Mi stavo aggirando su un bellissimo sito di cose fatte a mano che consiglio a tutti: www.etsy.com quando ho trovato un paio di orecchini a forma di fragola bellissimi. Guardando meglio i prodotti offerti dallo stesso venditore, ho visto tortine, biscotti, caramelline tutte in miniatura, fatti con una precisione incredibile e di una bellezza infinita. Controllando le caratteristiche tecniche del prodotto, ho notato che come materiale utilizzato era specificato “polymer clay”.
Ho passato un intero giorno a capire cosa fosse il polymer clay a cui si stavano riferendo. Ho fatto ricerche in lungo e in largo per poi arrivare alla soluzione finale: in Italia lo possiamo trovare come “FIMO”.
nient’altro è che una pasta come il pongo (o il dido), con la stessa modellabilità che viene venduto nei colorifici a dei prezzi molto accessibili. Un panetto di fimo di 30 gr costa intorno ai 2,20€.
Viene venduto già colorato, quindi potete creare esattamente come facevate da piccole con il pongo. Inoltre può essere dipinto (per i dettagli può risultare comodo) e una volta finito di modellarlo lo mettete in forno a 150 gradi per mezz’ora. Una volta cotto rimane duro e non rischiate che la vostra creazione subisca delle modifiche non volute.

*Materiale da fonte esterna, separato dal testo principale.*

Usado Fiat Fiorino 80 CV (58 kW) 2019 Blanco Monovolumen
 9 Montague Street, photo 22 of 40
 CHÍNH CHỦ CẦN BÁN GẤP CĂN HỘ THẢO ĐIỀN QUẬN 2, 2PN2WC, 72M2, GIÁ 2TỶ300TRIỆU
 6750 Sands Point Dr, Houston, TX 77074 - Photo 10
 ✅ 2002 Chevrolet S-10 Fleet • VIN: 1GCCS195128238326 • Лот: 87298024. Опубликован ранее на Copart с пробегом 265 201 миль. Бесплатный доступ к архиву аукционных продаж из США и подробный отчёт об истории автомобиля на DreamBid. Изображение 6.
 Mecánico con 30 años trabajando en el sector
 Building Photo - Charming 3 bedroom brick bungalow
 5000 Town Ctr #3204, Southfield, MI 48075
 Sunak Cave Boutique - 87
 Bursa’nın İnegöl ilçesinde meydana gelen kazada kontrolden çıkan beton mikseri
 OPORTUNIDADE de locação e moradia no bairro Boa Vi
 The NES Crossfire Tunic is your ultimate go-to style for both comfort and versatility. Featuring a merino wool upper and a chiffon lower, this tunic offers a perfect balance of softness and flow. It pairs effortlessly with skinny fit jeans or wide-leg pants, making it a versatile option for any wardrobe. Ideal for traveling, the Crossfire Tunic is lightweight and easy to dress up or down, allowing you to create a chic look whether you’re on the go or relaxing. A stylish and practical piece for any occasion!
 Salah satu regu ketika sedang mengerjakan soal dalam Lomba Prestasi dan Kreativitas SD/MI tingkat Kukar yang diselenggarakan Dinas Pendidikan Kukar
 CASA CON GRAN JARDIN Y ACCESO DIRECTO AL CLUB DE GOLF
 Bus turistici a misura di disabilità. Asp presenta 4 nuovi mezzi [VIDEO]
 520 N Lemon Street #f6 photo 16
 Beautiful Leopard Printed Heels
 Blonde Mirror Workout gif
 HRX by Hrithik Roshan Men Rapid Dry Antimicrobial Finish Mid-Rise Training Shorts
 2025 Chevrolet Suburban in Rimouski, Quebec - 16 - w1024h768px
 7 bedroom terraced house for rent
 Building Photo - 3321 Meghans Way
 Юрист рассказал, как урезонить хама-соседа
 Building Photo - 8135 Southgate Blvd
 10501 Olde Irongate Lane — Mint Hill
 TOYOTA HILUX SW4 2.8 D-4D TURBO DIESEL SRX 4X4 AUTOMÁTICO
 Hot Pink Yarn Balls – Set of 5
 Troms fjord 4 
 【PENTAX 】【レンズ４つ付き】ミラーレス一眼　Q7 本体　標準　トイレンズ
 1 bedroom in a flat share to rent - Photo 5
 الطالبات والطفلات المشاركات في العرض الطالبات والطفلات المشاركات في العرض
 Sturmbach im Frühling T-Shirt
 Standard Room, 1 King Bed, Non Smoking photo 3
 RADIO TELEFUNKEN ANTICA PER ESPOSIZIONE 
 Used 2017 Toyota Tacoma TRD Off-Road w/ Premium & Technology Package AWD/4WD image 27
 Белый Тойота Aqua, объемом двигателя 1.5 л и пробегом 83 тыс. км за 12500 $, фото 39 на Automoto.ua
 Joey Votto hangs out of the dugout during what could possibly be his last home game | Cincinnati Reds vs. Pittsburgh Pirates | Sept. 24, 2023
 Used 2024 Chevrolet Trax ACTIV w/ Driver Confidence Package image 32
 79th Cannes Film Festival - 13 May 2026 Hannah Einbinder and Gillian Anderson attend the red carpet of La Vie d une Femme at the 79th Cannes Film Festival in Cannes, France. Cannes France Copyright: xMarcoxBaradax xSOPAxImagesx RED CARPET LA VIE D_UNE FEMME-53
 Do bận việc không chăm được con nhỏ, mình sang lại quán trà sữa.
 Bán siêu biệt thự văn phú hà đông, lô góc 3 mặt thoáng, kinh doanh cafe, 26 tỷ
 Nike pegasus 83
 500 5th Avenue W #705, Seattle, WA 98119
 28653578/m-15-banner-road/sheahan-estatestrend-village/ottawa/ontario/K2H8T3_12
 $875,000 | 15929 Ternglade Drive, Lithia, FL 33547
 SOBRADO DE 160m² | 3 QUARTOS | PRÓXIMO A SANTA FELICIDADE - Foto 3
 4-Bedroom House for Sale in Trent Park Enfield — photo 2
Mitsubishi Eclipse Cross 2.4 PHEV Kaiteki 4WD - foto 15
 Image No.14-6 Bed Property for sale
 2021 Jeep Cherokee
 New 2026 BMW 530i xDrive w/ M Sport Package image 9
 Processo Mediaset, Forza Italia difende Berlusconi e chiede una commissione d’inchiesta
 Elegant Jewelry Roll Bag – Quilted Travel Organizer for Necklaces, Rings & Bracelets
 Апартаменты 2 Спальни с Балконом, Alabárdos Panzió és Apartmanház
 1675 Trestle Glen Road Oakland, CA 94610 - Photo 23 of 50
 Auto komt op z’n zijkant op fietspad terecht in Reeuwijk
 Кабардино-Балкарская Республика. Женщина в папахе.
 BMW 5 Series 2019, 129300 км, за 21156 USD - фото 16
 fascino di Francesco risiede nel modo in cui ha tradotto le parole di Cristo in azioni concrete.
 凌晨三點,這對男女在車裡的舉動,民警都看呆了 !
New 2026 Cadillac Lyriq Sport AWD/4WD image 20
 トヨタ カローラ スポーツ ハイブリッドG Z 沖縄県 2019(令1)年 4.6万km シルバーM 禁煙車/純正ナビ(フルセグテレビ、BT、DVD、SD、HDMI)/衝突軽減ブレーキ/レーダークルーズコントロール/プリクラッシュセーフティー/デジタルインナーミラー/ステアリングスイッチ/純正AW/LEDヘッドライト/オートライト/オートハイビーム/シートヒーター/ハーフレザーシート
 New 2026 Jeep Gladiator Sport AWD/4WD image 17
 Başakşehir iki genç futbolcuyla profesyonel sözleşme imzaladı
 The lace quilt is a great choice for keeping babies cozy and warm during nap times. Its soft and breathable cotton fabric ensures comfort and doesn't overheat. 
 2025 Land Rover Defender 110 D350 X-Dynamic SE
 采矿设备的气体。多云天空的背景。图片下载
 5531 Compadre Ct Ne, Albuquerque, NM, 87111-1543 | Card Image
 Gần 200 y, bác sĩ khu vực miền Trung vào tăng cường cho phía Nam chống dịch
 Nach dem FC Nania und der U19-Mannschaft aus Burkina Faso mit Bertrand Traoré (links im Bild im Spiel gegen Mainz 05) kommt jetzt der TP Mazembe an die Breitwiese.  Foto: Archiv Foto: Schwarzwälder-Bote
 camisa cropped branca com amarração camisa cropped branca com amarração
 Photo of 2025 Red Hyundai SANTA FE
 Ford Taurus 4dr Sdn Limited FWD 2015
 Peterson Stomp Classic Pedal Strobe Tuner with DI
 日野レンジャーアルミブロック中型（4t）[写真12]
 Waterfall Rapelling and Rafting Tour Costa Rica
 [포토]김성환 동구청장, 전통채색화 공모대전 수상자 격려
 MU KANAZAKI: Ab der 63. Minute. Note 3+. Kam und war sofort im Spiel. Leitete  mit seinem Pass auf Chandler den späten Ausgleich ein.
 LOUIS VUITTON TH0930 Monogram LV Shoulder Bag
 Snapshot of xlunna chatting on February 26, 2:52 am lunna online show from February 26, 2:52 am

Vi assicuro che utilizzarlo è davvero divertente. In rete troverete un sacco di idee per cominciare a creare. Di seguito vi metto delle foto trovate sul sito sopra citato, di oggetti creati da ormai professionisti della materia e quindi molto precisi e realistici.



Nei prossimi giorni invece, pubblicherò le foto delle mie primissime creazioni. Neanche lontanamente belle come queste, ma come vi ho già detto, tutto si può imparare.
Quindi aspettatevi anche dei mini tutorial sull’argomento.